I'm prompted to ask by this from the government's advice to business on what to do about a no-deal Brexit:
UK companies and limited liability partnerships that have their central administration or principal place of business in an EU member state may wish to consider whether they need to restructure to satisfy the requirements for incorporation in that EU member state.
Faisal Islam says this is the "first time in history a UK Govt [has] effectively suggested shifting HQs out of UK." We've gone from Johnson's "fuck business" to "fuck off business". Brexit threatens even worse than prolonged slower growth than we'd otherwise have.
This challenges Marx. He thought "the executive of the modern state is but a committee for managing the common affairs of the whole bourgeoisie."
Now, there's tons of evidence for this far beyond the state's role in protecting property: state education prepares workers for capitalist drudgery; the welfare state helps to stabilize demand whilst incentivizing people to enter the labour market; and under Thatcher and Blair, a big part of economic policy was aimed at attracting businesses and maintaining confidence.
But no more. Brexit is antagonistic to the interests of capitalists. How, then, can we maintain Marx's view that the state is a means of promoting the interests of capital?
One possibility is that the interests of capital do not consist merely in high and rising profits. They also require that capitalism be seen as sufficiently legitimate that it can persist without grievous unrest. Because egregious exploitation and inequality would undermine its legitimacy there is therefore a role for the state to impose some progressive taxation or labour regulation. Sometimes, capitalists must be saved from themselves; it is their collective interest that matters, not that of individual spivs.
I'm not sure, though, that this is relevant to Brexit. Granted, backtracking from Brexit might undermine the legitimacy of the state in the eyes of some. But it wouldn't delegitimate capitalism. And whilst it might provoke civil unrest, this probably wouldn't be so great as to cost capitalism more than would a hard Brexit.

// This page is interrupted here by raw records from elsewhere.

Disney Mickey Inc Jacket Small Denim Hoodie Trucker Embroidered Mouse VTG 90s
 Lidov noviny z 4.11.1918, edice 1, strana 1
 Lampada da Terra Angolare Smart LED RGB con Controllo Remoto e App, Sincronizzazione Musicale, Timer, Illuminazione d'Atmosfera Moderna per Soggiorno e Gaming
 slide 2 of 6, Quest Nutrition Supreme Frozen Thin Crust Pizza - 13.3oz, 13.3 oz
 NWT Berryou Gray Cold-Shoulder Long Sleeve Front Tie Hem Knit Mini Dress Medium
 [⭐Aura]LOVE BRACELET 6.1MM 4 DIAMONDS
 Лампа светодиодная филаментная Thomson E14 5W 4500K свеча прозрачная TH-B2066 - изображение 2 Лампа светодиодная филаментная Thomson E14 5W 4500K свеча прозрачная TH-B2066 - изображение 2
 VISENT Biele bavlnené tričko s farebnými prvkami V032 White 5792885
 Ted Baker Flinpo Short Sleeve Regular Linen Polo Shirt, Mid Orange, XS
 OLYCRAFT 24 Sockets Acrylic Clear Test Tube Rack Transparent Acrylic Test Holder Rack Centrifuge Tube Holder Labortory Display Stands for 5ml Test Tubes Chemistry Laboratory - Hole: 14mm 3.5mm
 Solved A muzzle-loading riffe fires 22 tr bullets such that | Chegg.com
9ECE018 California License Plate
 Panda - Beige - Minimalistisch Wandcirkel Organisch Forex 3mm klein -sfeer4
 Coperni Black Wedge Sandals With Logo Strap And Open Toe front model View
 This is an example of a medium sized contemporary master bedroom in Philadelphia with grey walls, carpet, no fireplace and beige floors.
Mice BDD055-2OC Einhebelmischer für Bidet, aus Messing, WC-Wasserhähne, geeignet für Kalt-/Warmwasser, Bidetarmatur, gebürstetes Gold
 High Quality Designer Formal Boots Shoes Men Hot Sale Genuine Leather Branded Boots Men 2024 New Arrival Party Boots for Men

This leaves us another possibility, described by Ralph Miliband - that the state has relative autonomy. To borrow a neat analogy (pdf) from another discipline, think of the relationship between capital and the state as being like that between a woman and her dog on an extendable lead. In the short-term, the dog can run a long way from his mistress and do all sort of damn fool things. But ultimately, it usually* gets dragged back into line. Chile in the early 70s, France in the early 80s and perhaps the Tsipras government in Greece more recently are examples of this.
Brexit could fit this pattern in one of two ways. One way would be for us to end up with a "Brexit in name only" - if economic chaos, or just warnings thereof, cause a backtracking from a hard Brexit. Whether this happens via a general election or "people's vote" is not important in this context.
But there's another way. With even a smooth Brexit likely to depress longer-term growth, it'll be more imperative than ever for governments to attract capital and maintain confidence**. In this way, capital's hold over the state will strengthen; if Brexiters weren't so stupid, I'd suspect this was their motive.
All this, however, leaves Marxists with a problem. If any policy whatsoever could be seen as examples of promoting accumulation, sustaining legitimacy or of relative autonomy, what might represent refutation of our theory of the state? Does this just become an unfalsifiable theory?
I don't think so. The theory predicts that where there is a choice between promoting human flourishing and the interests of capital, the state will eventually opt for the latter. This prediction can be refuted by events, though it rarely is - but this is another story.
* In my picture, the dog runs to its death. Some of you might think this undermines my metaphor, others that it strengthens it.
** Fiscal policy is not the issue here. MMTers are right to say the state can borrow as much as it wants, subject only to an inflation constraint. But this doesn't alter the fact that tax and industrial policy must sustain profits.